Education is highly sought nowadays, with people paying millions to get prestigious degrees. But what is education meant for? Some common answers are: literacy, numeracy and prosperity.

Literacy enables us to access the knowledge provided by past and present thinkers.

Numeracy connotes the ability to deal with numbers, to calculate using various mathematical methods, simple and sophisticated. In today’s complex economy, numeracy is an important life-skill that education is meant to provide.

Prosperity is the motive that drives most people to education. They seek those degrees that promise the highest-paying jobs: for example, vocational or technical degrees.

Yet is education meant just for literacy, numeracy and prosperity? All these are things to live with, not things to live for. We need a purpose that makes life meaningful. Without such a purpose, life stays unfulfilling – and becomes unbearable when adversities make us question the point of living.

To perceive the point of living, we can ask ourselves: What do we seek the most in life?

It is love, lasting love. We all long to love forever and to be loved forever. Learning how to fulfill this longing is life’s most important education.

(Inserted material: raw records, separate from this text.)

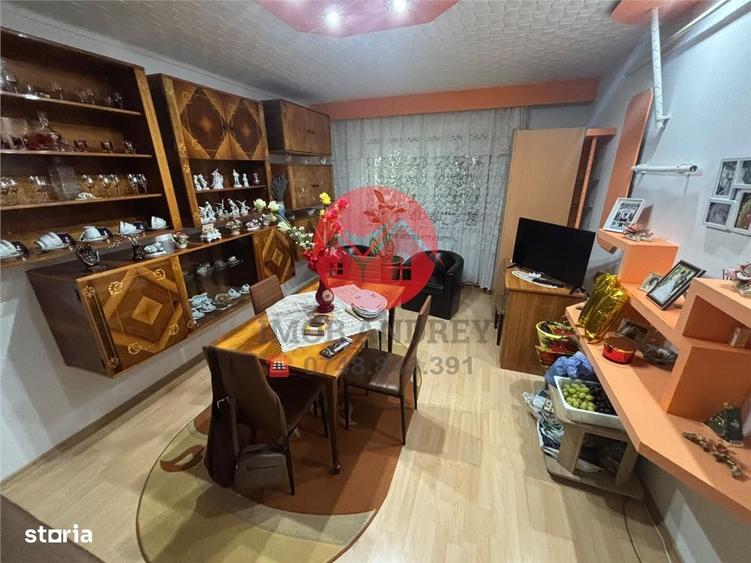 Apartament de vanzare in Dallas, 50 mp, etaj 2 - 2
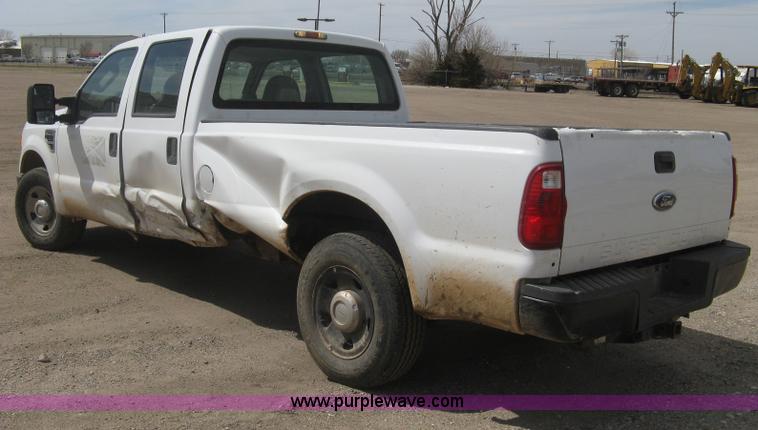image for item I5556 2008 Ford F350 Super Duty XL Crew Cab pickup truck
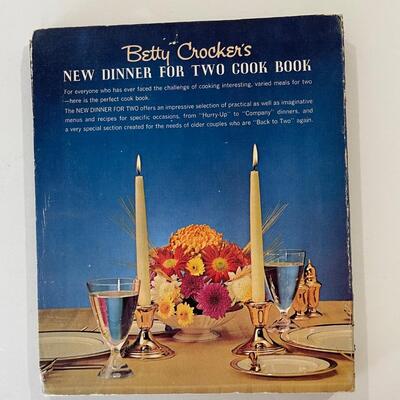 Vintage Betty Crockerâ€™s Cookbooks - Dinner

This education is provided by the Bhagavad-gita, which declares such spiritual knowledge to be the essence of all knowledge (13.11). The Gita explains that our longing for love can be fulfilled only at the spiritual level, where we eternally belong and for which we eternally long. At our core, we are eternal spiritual beings. We are parts of the whole, the all-attractive supreme, Krishna, and are meant for a life of unending love with him.

When our education thus illumines our spirituality, we can learn to use everything, including literacy, numeracy and prosperity, to fulfill the purpose of education and the purpose of life itself.